Does anyone else find it annoying that a a product is only sold by the company that makes it (in the main), they set a MRRP and tell you it is a great deal and then start offering 2 for 1 or some other deal as if they are doing you favour. I know GL is sold by couple of other retailers but even in the case of Ideal world the same applies. Happens all too often and all it means to me is they are charging way over the top in the first place and treating people like suckers. Happens all too often.  Rant over but I am sure some of you will know what I mean.

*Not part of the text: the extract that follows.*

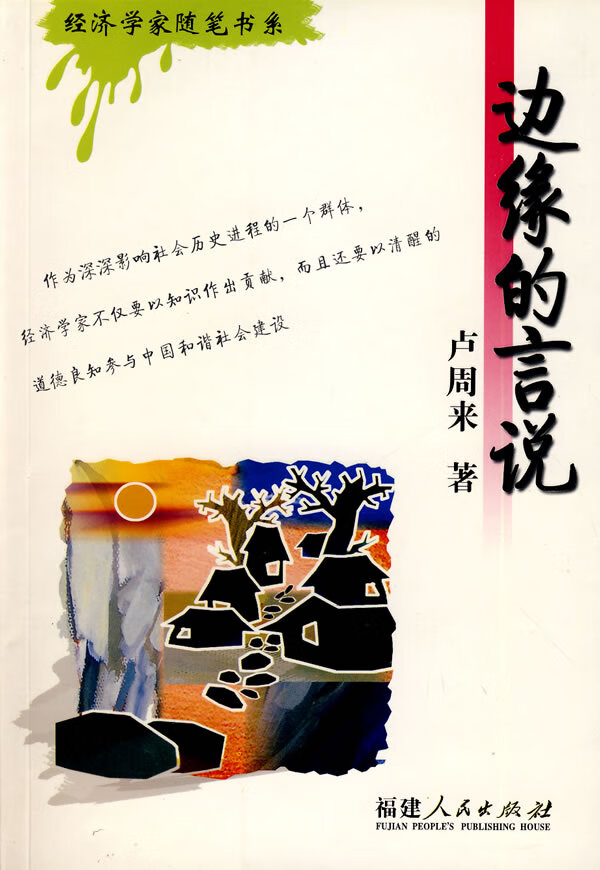边缘的言说 卢周来 著【正版】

Having said that, this was a useful post if anyone wants some GL right now.


----------



## scoobymad

As already said it is not a rubbish product.....


----------



## Lowiepete

shine247 said:


> Does anyone else find it annoying that a a product is only sold by the company that makes it (in the main)


Yeah, completely agree! This "cartel" selling must be netting them some huge 
returns. The price point currently leads me to look much more closely at 
alternatives. Curiously, I'm missing its cleaning power more indoors than I am
for the car.

Regards,
Steve


----------



## herbiedacious

l use it a lot round the house,just got some more from Netparts the other day and it seems like the formula has changed,there's less solvent in the mix (less than 1/2inch on the top of a 1 litre bottle) and it seems to haze more slowly. No mention of carnuba on the label any more either. Works just as well as it always did on the kitchen worktops,shower screens etc.


----------



## nicks500

*taken the plunge*

well I bought three bottles of this from ideal world for £30 for my wife's car (which is silver by the way) and because it had been washed in a while I thought I would try it like an AIO. I am a big fan of ONR for the washing side of things and use it all the time so finding a all in one product that even my missus might use could be good. I tried it as advertised but there was too much dirty ingrained into the car and she needed a wash/claying first. After that it was a dream to use and works very well, much more noticeable effect than any product I have used before. Now that I have a layer or two of this stuff on the car I will try it out without washing her next time. My wife is very pleased. Now here is the shocker I tried it on my car (pale blue) and yes my car has had the full treatment-ish(wash,clay,wash,hd-cleanse,glasur) so I was using this as a QD and I love it. Dont get me wrong I do love spending hours and hours cleaning my car but sometimes I want to drive her and I just want to top up the shine beforehand and this is much better imho the megs QD in this respect. Im very pleased and surprised .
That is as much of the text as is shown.